BY TUNG NGUYEN | 19th Feb 2015


AUDI TT, you don’t have to prove a thing.

A styling sensation when it debuted as a show-stopping concept car 20 years ago, the Bauhaus-inspired original did two things to the hitherto struggling German premium brand when released in production form four years later: One, it legitimised great design for design’s sake and, two, it set Audi on a quest to push quality boundaries with each successive model.

That the TT didn’t really steer or handle like the taut sports car that the wonderful styling promised didn’t really matter when so many other things about the Ingolstadt superstar shone so brightly.

Still, widespread dynamic criticism meant that the 2006 replacement ditched the Mk4 Golf/Mk1 A3 chassis for aluminium space-frame tech, bringing an aluminium front half and high-strength steel in the rear, topped by a multi-link rear suspension system and much quicker steering. Result? The now-80kg lighter TT turned athletic.

But in other areas, the Mk2 wasn’t so special. The new design lost its purity, especially around the pinched face. The cabin seemed somewhat underwhelming, and the ride could be punishing.

Eight years on, though, and the Germans appear to have finally dotted all the Is and crossed all the, ahem, TTs.

Take the styling. Using the R8’s handsome face as inspiration for the newcomer’s front end is a masterstroke, giving the Audi supercar looks. More pronounced side tension lines, lower sill extensions and broader hips also add a more masculine stance. Only the slightly fussier rear cut lines and C-pillar kink detract from a harmonious reinterpretation of a modern icon.

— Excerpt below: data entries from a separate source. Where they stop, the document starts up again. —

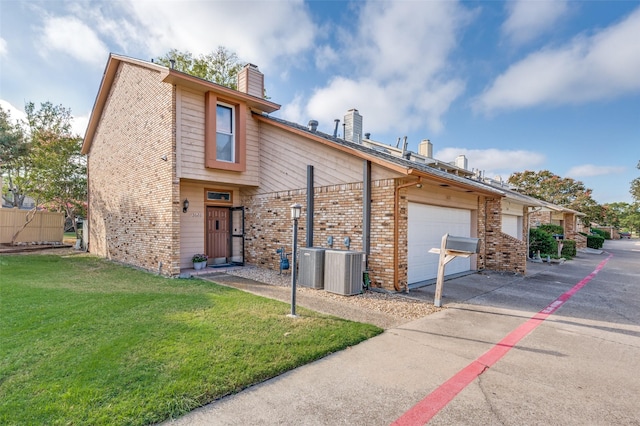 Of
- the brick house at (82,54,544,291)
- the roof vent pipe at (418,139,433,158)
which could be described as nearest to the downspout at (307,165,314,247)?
the brick house at (82,54,544,291)

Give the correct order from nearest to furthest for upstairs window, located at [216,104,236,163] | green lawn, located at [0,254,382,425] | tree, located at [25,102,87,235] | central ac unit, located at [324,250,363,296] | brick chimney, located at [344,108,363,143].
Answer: green lawn, located at [0,254,382,425], central ac unit, located at [324,250,363,296], upstairs window, located at [216,104,236,163], brick chimney, located at [344,108,363,143], tree, located at [25,102,87,235]

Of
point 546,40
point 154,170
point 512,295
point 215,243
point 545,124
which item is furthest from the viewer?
point 545,124

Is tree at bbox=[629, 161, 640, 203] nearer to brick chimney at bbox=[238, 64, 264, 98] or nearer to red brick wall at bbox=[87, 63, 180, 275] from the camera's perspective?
brick chimney at bbox=[238, 64, 264, 98]

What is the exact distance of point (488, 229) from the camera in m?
11.5

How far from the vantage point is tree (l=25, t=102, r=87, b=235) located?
17.8m

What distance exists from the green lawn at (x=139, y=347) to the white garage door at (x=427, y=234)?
4.13 meters

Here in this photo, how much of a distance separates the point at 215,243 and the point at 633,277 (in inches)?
604

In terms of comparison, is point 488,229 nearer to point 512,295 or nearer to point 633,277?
point 512,295

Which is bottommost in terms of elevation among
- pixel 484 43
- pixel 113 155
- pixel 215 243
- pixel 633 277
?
pixel 633 277

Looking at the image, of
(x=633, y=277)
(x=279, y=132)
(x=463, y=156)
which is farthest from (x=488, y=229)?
(x=463, y=156)

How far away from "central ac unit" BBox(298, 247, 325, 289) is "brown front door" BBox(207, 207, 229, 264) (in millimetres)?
4701

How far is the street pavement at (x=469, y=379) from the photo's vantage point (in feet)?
8.96

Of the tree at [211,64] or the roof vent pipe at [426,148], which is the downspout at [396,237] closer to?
the roof vent pipe at [426,148]

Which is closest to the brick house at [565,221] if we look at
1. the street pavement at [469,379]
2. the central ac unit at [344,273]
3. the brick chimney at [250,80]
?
the street pavement at [469,379] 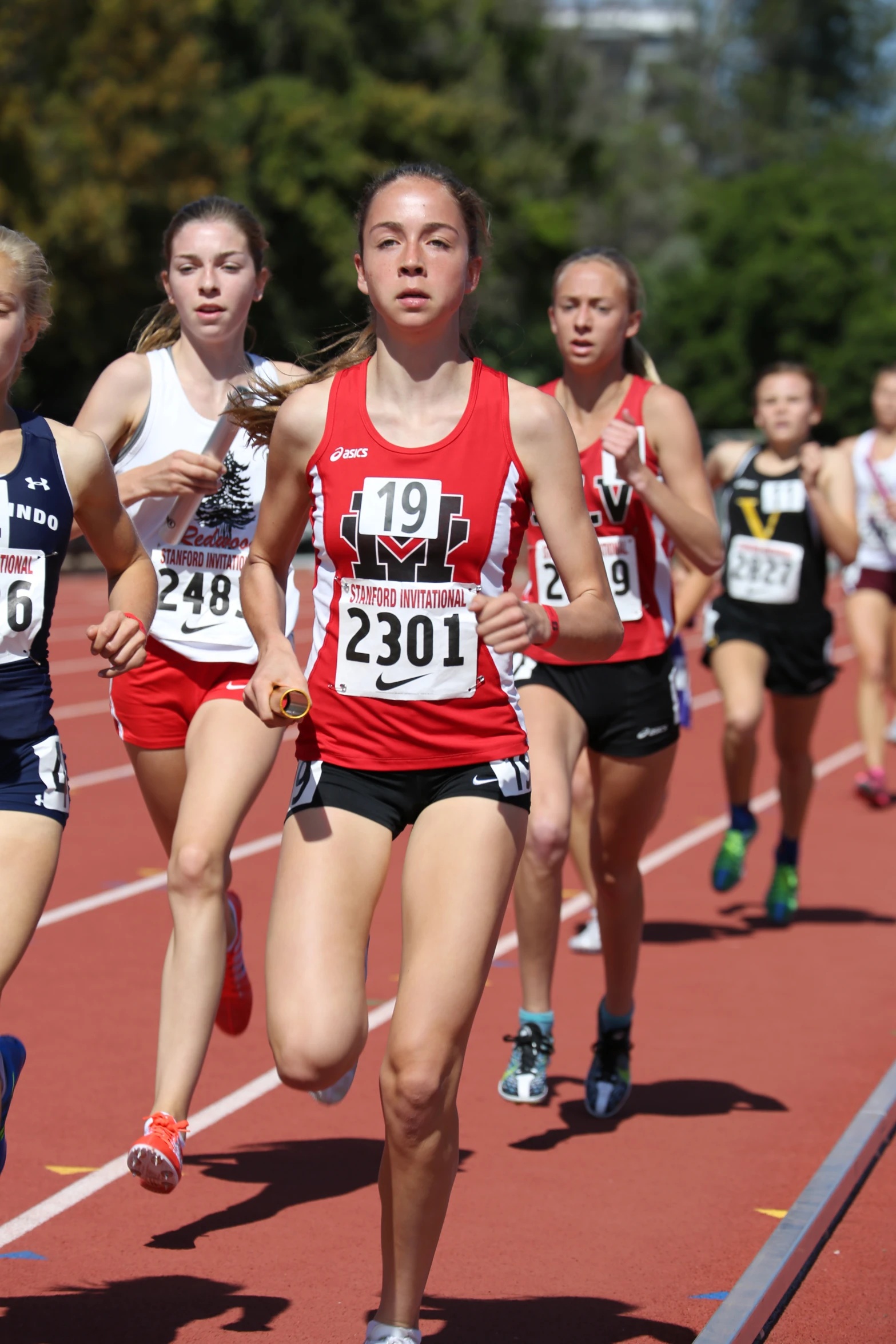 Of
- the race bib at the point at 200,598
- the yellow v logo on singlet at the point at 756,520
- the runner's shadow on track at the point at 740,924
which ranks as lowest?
the runner's shadow on track at the point at 740,924

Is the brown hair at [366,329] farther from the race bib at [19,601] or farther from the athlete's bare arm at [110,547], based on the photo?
the race bib at [19,601]

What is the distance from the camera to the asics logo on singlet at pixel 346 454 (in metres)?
3.47

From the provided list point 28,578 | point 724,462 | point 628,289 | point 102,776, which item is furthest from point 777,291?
point 28,578

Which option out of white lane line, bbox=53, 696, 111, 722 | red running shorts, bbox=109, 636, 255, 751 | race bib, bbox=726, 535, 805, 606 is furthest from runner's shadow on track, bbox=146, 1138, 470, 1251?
white lane line, bbox=53, 696, 111, 722

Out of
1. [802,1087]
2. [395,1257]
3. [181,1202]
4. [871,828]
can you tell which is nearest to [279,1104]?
[181,1202]

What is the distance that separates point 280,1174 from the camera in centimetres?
479

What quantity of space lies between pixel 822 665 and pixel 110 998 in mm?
3608

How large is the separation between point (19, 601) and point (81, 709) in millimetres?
11953

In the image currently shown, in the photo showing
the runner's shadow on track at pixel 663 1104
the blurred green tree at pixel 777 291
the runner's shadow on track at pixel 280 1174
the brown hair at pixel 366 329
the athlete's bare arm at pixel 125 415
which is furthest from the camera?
the blurred green tree at pixel 777 291

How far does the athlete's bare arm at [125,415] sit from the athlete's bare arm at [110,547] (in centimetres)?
61

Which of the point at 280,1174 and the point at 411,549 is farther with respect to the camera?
the point at 280,1174

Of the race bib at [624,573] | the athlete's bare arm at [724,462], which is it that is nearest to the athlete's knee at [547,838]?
the race bib at [624,573]

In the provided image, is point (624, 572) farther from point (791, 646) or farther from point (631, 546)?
point (791, 646)

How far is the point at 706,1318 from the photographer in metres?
3.87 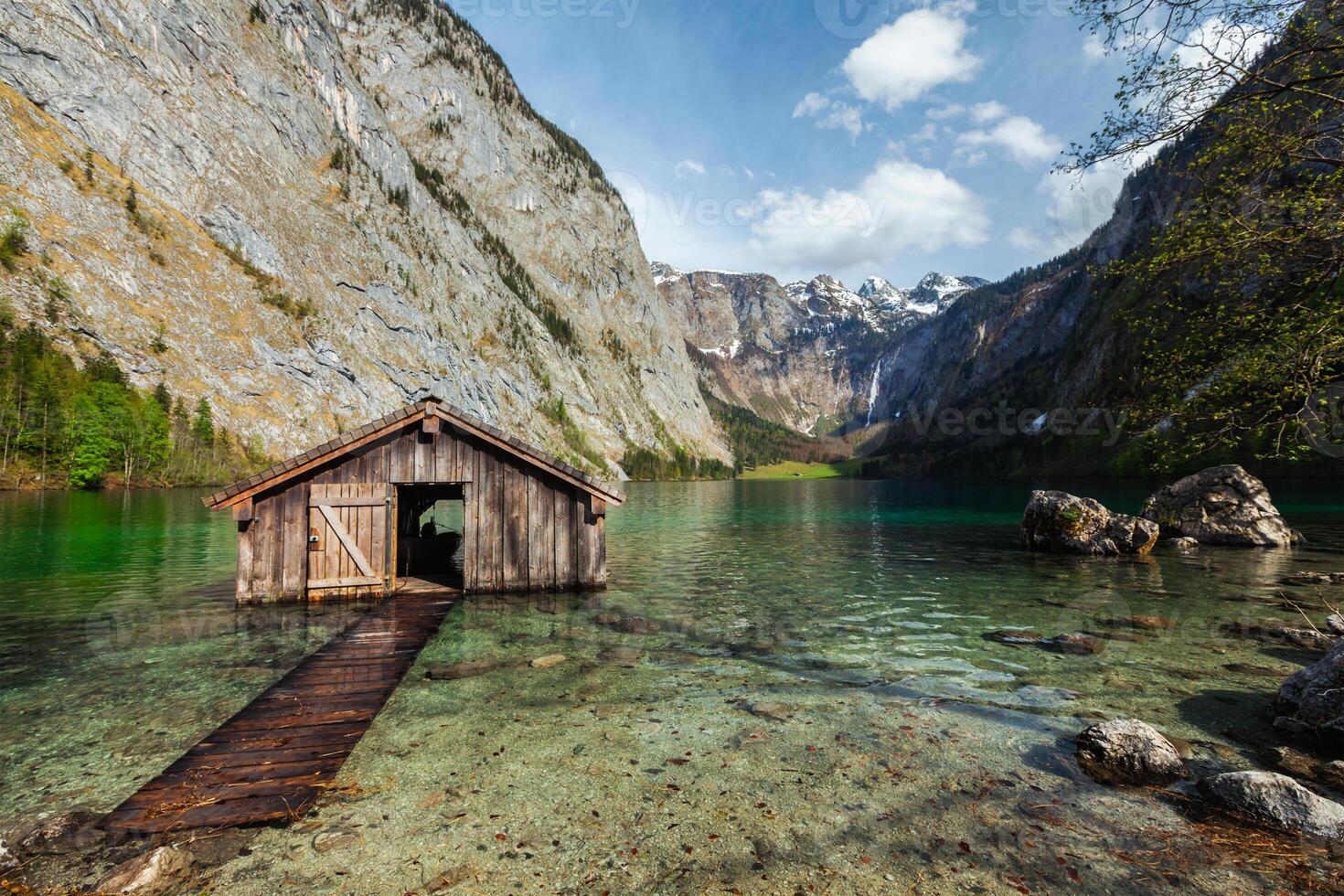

Open the aluminium door and the TT’s interior sits among the greats. Note that the pictures cannot fully convey the 3D gorgeousness of the dashboard and console that greets the astonished onlooker.

We tried two versions on the Australian launch in Tasmania – a base 2.0 TFSI manual Sport front-driver from $71,950 with just the one option – white metallic paint for a rip-off $1077 – and an $85,450 quattro S-tronic (dual-clutch auto) S line with $8K’s worth of extras added.

Both interiors blew us away for exactly the same reason, from the hewn-from-solid-mass feel of the way everything is built with bank-vault precision, to the lush sensuality of the expensive materials all around as you sit ensconced in the sumptuous premiumnness of it all. The TT’s cabin aroma is irresistibly seductive.

Tactility and beauty vie for attention as you breathe in the cockpit ambience and drink in the details. The air vents dare you to cup their perimeter in an almost obscene way the toggle switches beg to be caressed the steering wheel’s rim draws your palms to melt around them and the seats spoon your torso intimately.

If all the smooth aluminium and rubberised skin sheathing every surface isn’t enough, the instrument screen laid out before you is a cinemascope of digitised analogue-look dials, set within a sat-nav landscape of road maps, audio and telephone information, telephone and vehicle operational data.

It sounds crowded and complicated and even potentially distracting, but Audi’s designers have been inspired by the functionality of, say, a better tablet or smartphone to provide a configurable and logical layout. Take a couple of minutes to learn the MMI controller toggle switches and their corresponding remote button alternatives on the wheel, and the whole process operates with intelligibility and exactitude. If you own the older TT, this alone is a reason to trade-up. And here’s another.

Push a button, start up that 169kW/370Nm 2.0-litre four-pot turbo, and the way this thing drives can be a little deceiving. Accelerate and you’re likely to be impressed but not blown away by the smooth and effortless performance – although a glance at the speed reveals that in fact the TT doesn’t hang about.

Planting your foot above 100km/h betrays the Audi’s Autobahn breeding, because a hefty shove of power thrusts the coupe forward with alarming ease, even though the eager exhaust snarl and revvy nature of the twin-cam engine ought to sound as giveaways to what the 2.0 TFSI can actually do.

Note that while the six-speed manual shifter is quick and crisp, the brakes are extremely sensitive to the touch, resulting in some jerky moments. In this regard, the TT’s just like the ’98 original.

Yet it is the steering that is most memorable, by dint of its extremely eager – almost sharp – responses and instant turn-in. The TT handles with a determined edge, tipping into corners hungrily, but also with reassuring surefootedness, especially in quattro guise.

Some tight curves require a bit more concentration than you might expect because of how fast you’re capable of entering them, but there is certainly nothing less than total accomplishment about the way the Audi holds on to the chosen line, going exactly where you want it to go.

We preferred the lighter interactivity of the front-drive manual, even though the chassis didn’t feel as supernaturally planted in the twisty stuff as the quattro S-tronic auto.

The latter was undermined a little by the near-hardness of the suspension over some surfaces. And that’s on 19-inch wheels. We (literally) shudder to think what the 20s would be like, although at least Audi now offers the option of adaptive dampers to soften the blows.

After about 150km in both cars on the beautiful Tasmanian roads across from Swansea to Hobart, it is clear that the TT is a fast, taut and agile sports car, created with the enthusiast driver in mind.

That the interior is so supernaturally alluring is where the real progress has taken place from Mk2 to Mk3, backed up by more appealing design thanks to deftly executed styling touches.

So the TT has gone from style over substance originally, to substance over style for the second generation, to something a lot more evenly spread this time around.

Along with the newest A3 and R8, it is the most convincing Audi around.

Finally, the Bauhaus icon has nothing left to prove.